Sejarah Perjanjian Hudaibiyah berasal dari Nabi Muhammad SAW yang memimpin sekitar 1.400 sahabat dari Madinah ke Mekah dengan niat melaksanakan umrah. Mereka tidak membawa senjata untuk berperang, hanya perlengkapan ibadah dan hewan kurban. Tindakan ini jelas-jelas menunjukkan niat damai. Tapi kaum Quraisy curiga dan menganggap itu taktik licik untuk masuk Mekah. Akhirnya, mereka menghadang rombongan Muslim dan melarang mereka masuk ke kota suci.

2. Negosiasi berlangsung alot di Hudaibiyah

Masjid Al-Hudaibiyah (islamiclandmarks.com)
Masjid Al-Hudaibiyah (islamiclandmarks.com)

Alih-alih memaksakan masuk, Nabi memilih jalan damai. Perundingan pun dilakukan di daerah Hudaibiyah, sekitar 20 km dari Mekah. Negosiasi berlangsung cukup rumit dan melelahkan, bahkan beberapa kali hampir gagal. Berbagai utusan Quraisy datang silih berganti, dan beberapa syarat yang mereka ajukan sangat berat. Namun, Nabi tetap sabar dan terus menjunjung prinsip damai.

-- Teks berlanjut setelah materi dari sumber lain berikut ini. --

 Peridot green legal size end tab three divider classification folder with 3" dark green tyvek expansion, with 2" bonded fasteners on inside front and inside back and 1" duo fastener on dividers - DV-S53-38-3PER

3. Isi perjanjian terkesan merugikan umat Muslim

ilustrasi dokumen perjanjian (pexels.com/Pembegül Dal)
ilustrasi dokumen perjanjian (pexels.com/Pembegül Dal)

Perjanjian Hudaibiyah memiliki beberapa poin yang membuat sebagian sahabat kecewa. Pertama, gencatan senjata antara Muslim dan Quraisy selama sepuluh tahun. Kedua, kaum Muslimin tidak boleh umrah tahun itu, tapi boleh datang tahun depan dan tinggal di Mekah selama tiga hari. Ketiga, jika ada orang Quraisy yang melarikan diri ke Madinah tanpa izin keluarganya, harus dikembalikan. Sebaliknya, jika ada muslim yang pergi ke Mekah, tidak wajib dikembalikan. Poin terakhir, suku-suku Arab bebas menjalin aliansi dengan pihak mana pun. Meski terdengar berat sebelah, Nabi Muhammad menerimanya dengan lapang dada dan visi jangka panjang.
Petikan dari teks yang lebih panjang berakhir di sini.